The demonstration cluster in Myricom's LinuxWorld booth consisted of four dual 2.4GHz dual-core AMD Opteron hosts, 16 processors total, connected with both 10-Gigabit Myrinet and 10-Gigabit Ethernet networks. One Myri-10G NIC in each host of the demonstration cluster operated in Myrinet mode, and was connected to a 128-port, 10-Gigabit Myrinet switch. The second Myri-10G NIC in each host was connected to a Fujitsu XG700 low-latency 10-Gigabit Ethernet switch. Visitors to the Myricom booth could observe benchmarks and applications in both MX/Myrinet and MX/Ethernet modes.

HPC Clustering with Myri-10G NICs and Standard 10-Gigabit Ethernet Switches
How it Works
Myricom’s Myri-10G solutions introduced a convergence at 10-Gigabit/s data rates of Myrinet, the most successful specialty network for HPC applications, and mainstream Ethernet. Dual-protocol Myri-10G NICs initially achieved optimal performance running MX software with Myrinet network protocols through Myri-10G switches. MX’s kernel-bypass techniques achieve low latency and low host-CPU utilization by allowing application programs to communicate directly with firmware in the programmable Myri-10G NICs. Now, the availability of MX/Ethernet extends MX’s advantages to standard 10-Gigabit Ethernet switching. OEMs and cluster integrators can achieve HPC performance with mainstream Ethernet technology. Myricom is making the MX/Ethernet protocols fully open and accessible, just as with earlier Myrinet protocols and source code.

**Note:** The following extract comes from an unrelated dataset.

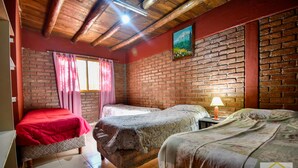Una habitación con dos camas, una pared de ladrillo, techo de madera y un cuadro.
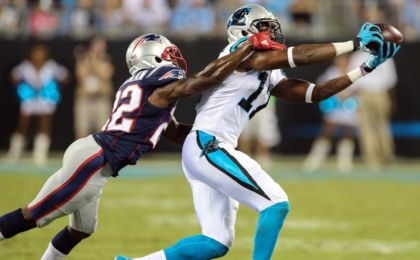 Aug 26, 2016; Charlotte, NC, USA; New England Patriots cornerback Justin Coleman (22) hangs on to Carolina Panthers wide receiver Devin Funchess (17) at Bank of America Stadium. Mandatory Credit: Jim Dedmon-USA TODAY Sports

MX/Ethernet uses 10-Gigabit Ethernet as a layer-2 network with an MX EtherType to identify MX frames (packets). The EtherType, a part of the Ethernet standards since the earliest days, identifies the protocol of an Ethernet frame. For example, there are EtherTypes for the Internet Protocol (IP), Address Resolution Protocol (ARP), AppleTalk, and many other protocols. All of these protocols can be carried concurrently on the same Ethernet network. Ethernet switches normally ignore the EtherType. Myri-10G NICs can carry TCP/IP and other traffic along with MX traffic, but achieve the best performance when they circumvent TCP/IP. MX provides its own, highly efficient, reliability layer.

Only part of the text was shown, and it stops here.